• _Work required_
Please, starting at the line that contains "Happy Baby Toddler Babies Logo", reproduce every line exactly until the records run out, skipping all pictures.

Short web captions:
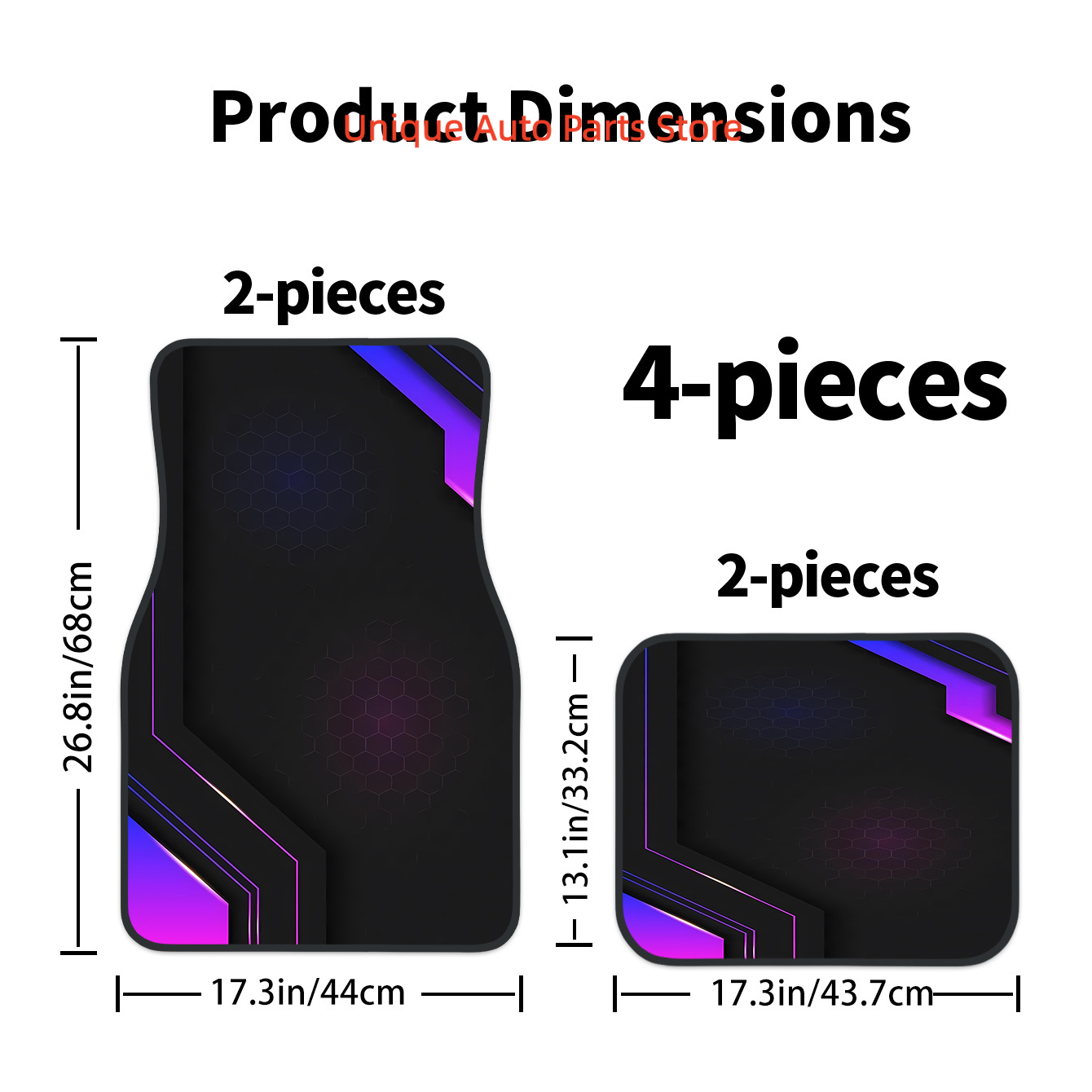 4pcs 2D High-Tech Geometric Pa - Tech Protect Accessories incelemesi ve fiyatı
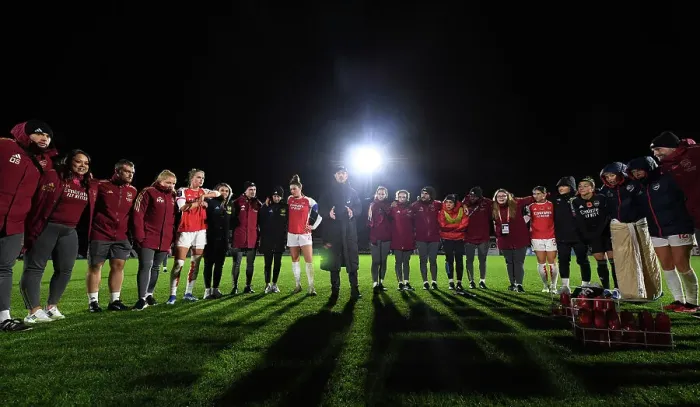 Framed Print : Arsenal Women's Manager Jonas Eidevall Addresses Team After Conti Cup Match Against Bristol City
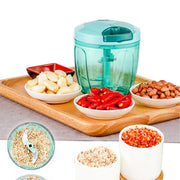 0065b Manual Stainless Steel Compact Extra Sharp Hand Held Vegetable Chopperslicer With 5 Blades (750 Ml) thumbnail 1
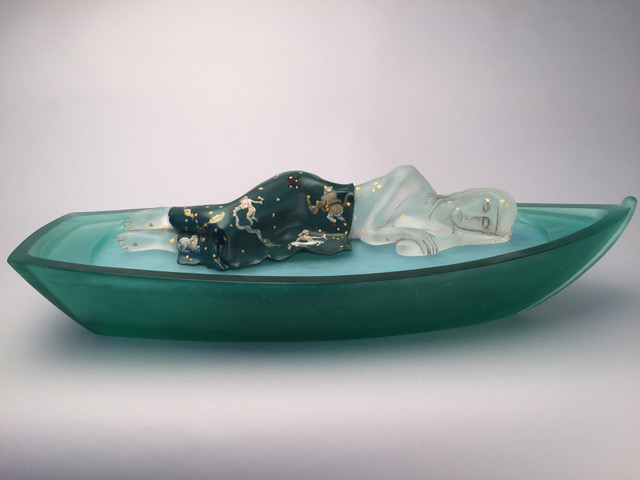 Robin Grebe glass art available at Habatat Galleries, FL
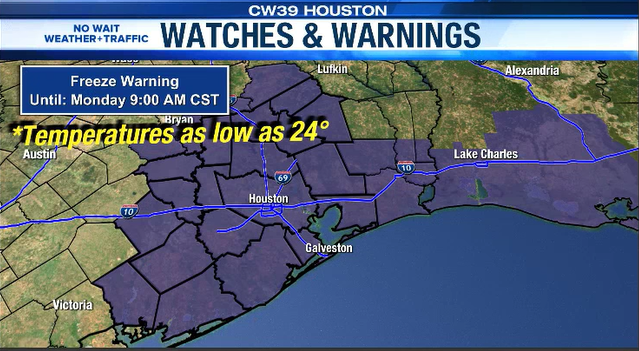 Houston on Alert: Freezing Temps and Rain Incoming—Get Ready for the Cold Front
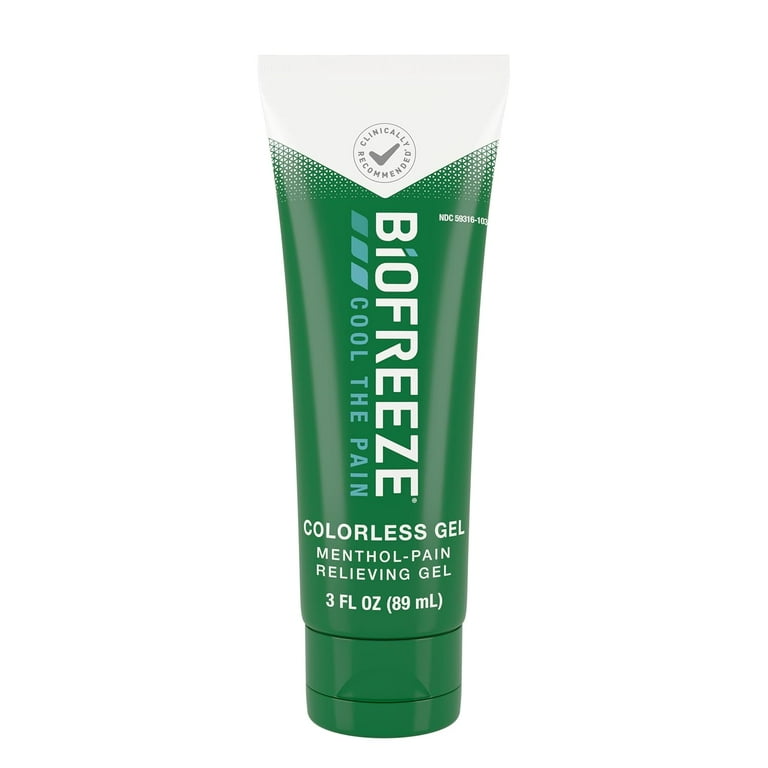 BioFreeze Menthol Pain Relief Colorless Gel, 3 fl oz - Walmart.com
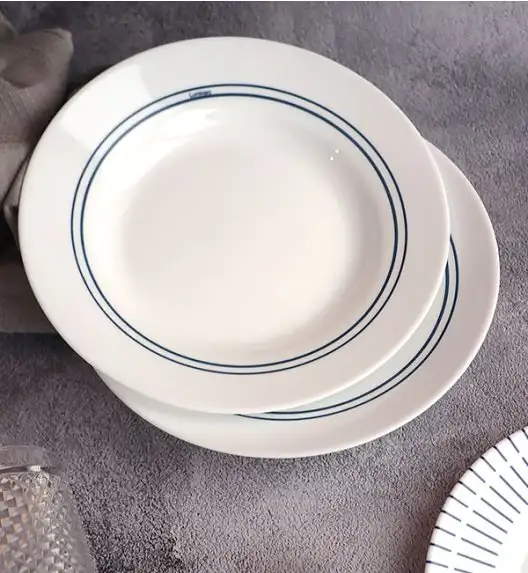 WYPRZEDAŻ! LUMINARC EVERYDAY NAUTILUS Komplet 3 talerzy głębokich / szkło
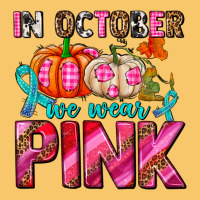 In October We Wear Pink With Pumpkins Vintage Hoodie | Teevron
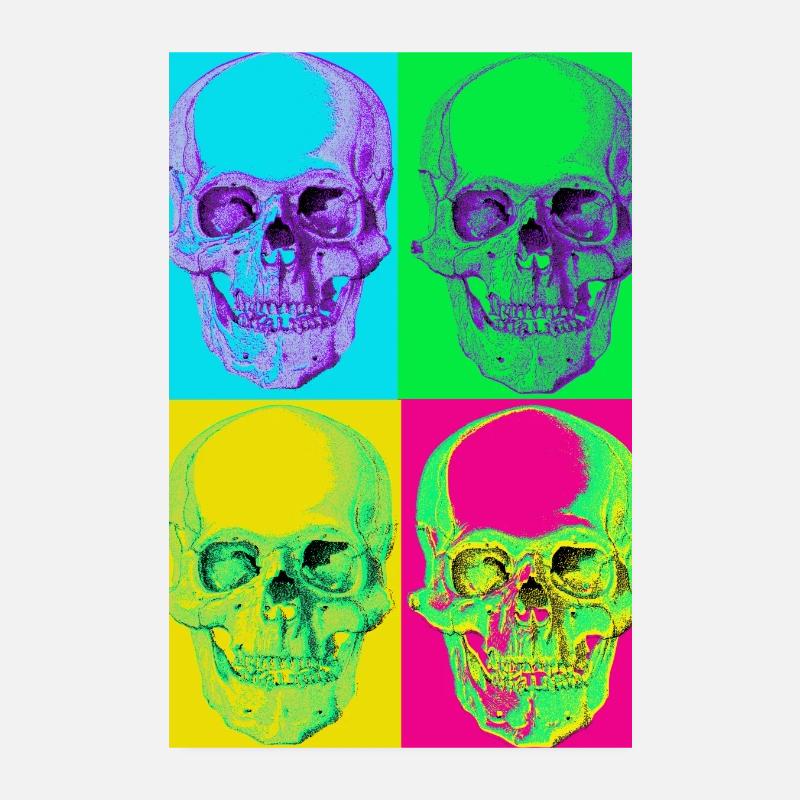 Crâne Pop Art Quadri Poster 20 x 30 cm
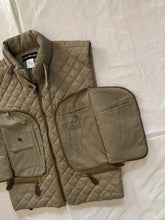 Load image into Gallery viewer, aw1992 Issey Miyake Khaki Quilted Nylon Hidden Cargo Pocket Vest - Size XL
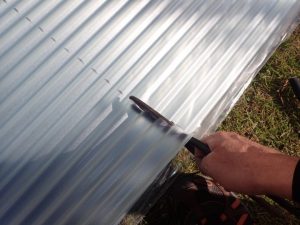 ポリカーボネート波板を加工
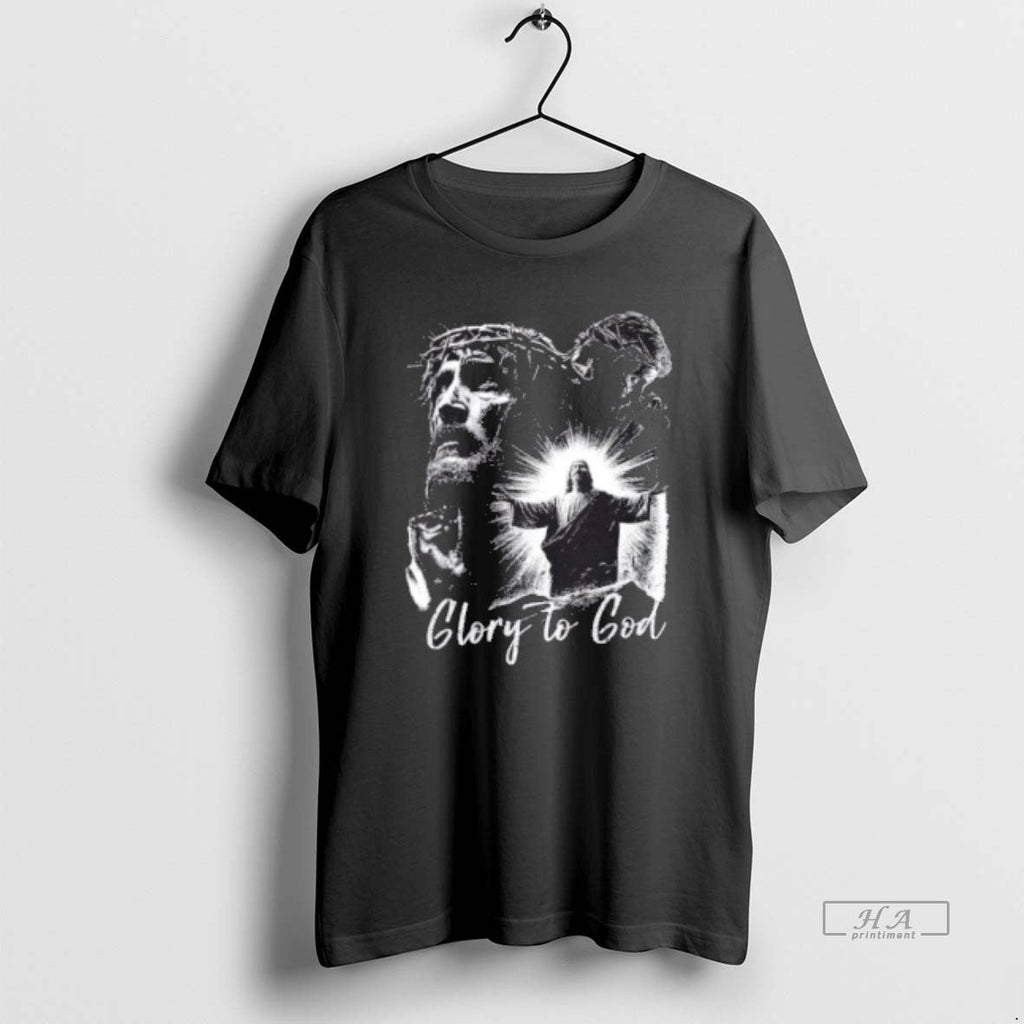 Trendy Jesus Glory To God Retro - Adult & Kids T-Shirts, Sweatshirts & Hoodies apparel design preview 1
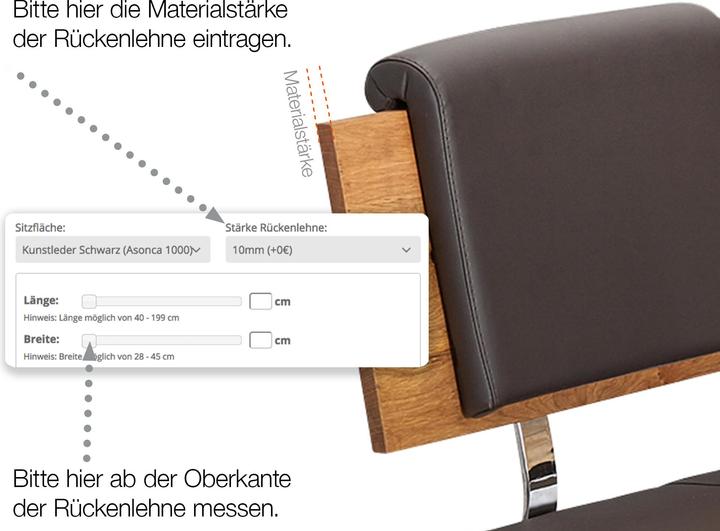 Produktbild Möbel-Eins Massrückenpolster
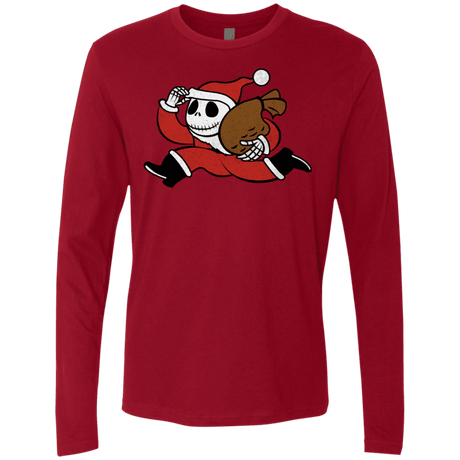 T-Shirts Cardinal / S Monopoly Skellington Men's Premium Long Sleeve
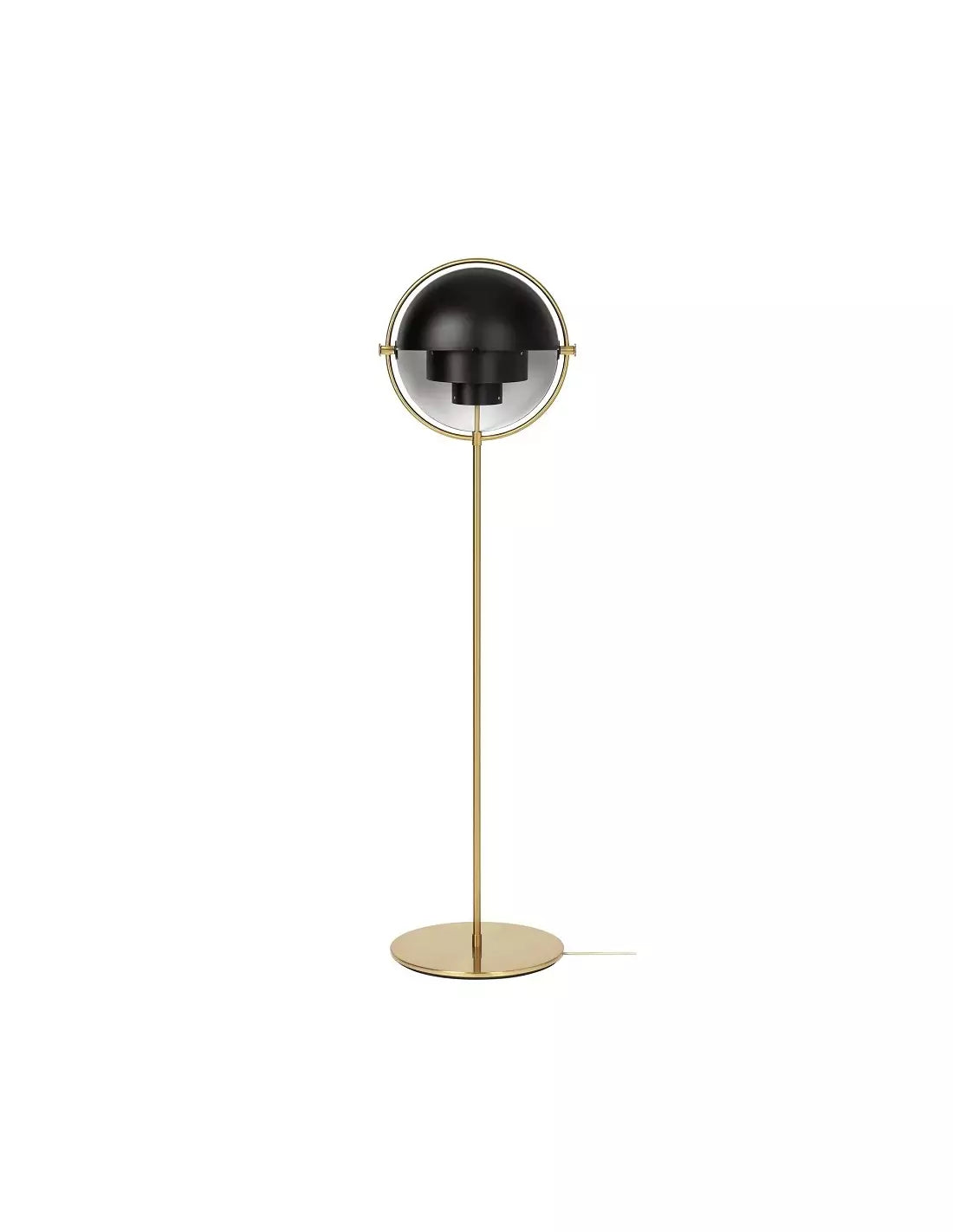 Moderne skulpturale Stehlampe für Wohnzimmer aus Metall im stilvollen Design für Interior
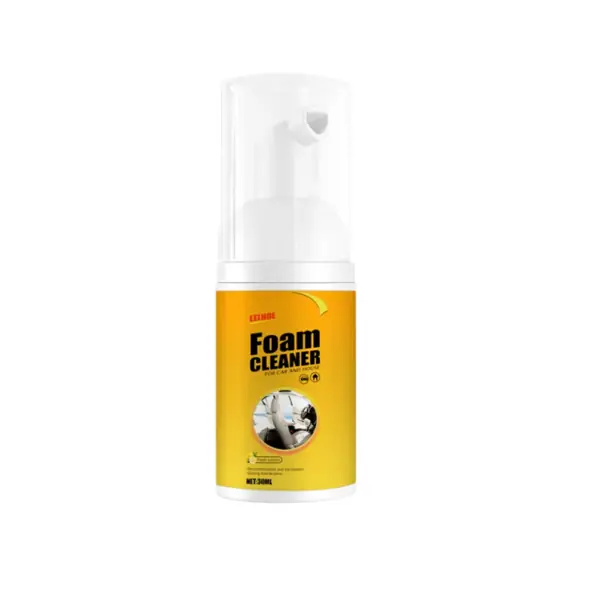 Spray de curățare cu spumă multifuncțională 30 ml pentru îndepărtarea petelor Detergent pentru interiorul mașinii scaune Plastic Textile Planșa de bord Universal Reducere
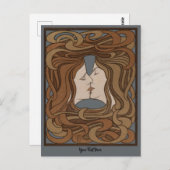  kunst : de kus briefkaart (Voorkant / Achterkant)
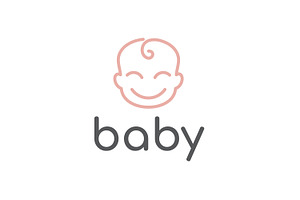 Happy Baby Toddler Babies Logo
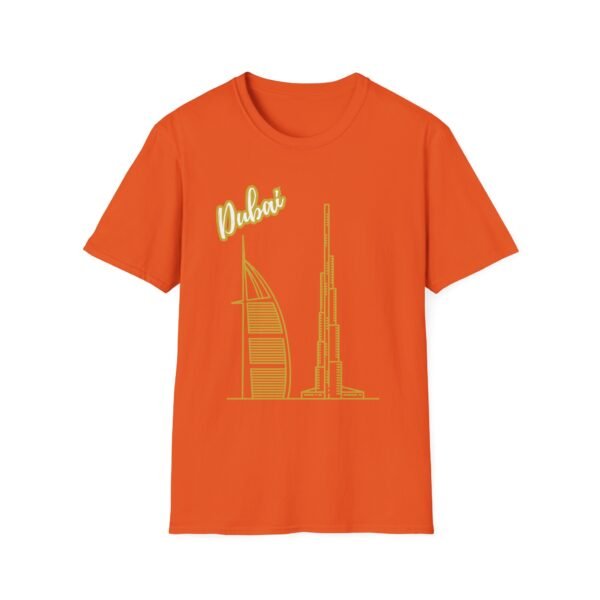 Gold Dubai Graphic Unisex T-Shirt – Soft & Stylish - Image 5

• _Solution to this problem_
 Happy Baby Toddler Babies Logo
 Gold Dubai Graphic Unisex T-Shirt – Soft & Stylish - Image 5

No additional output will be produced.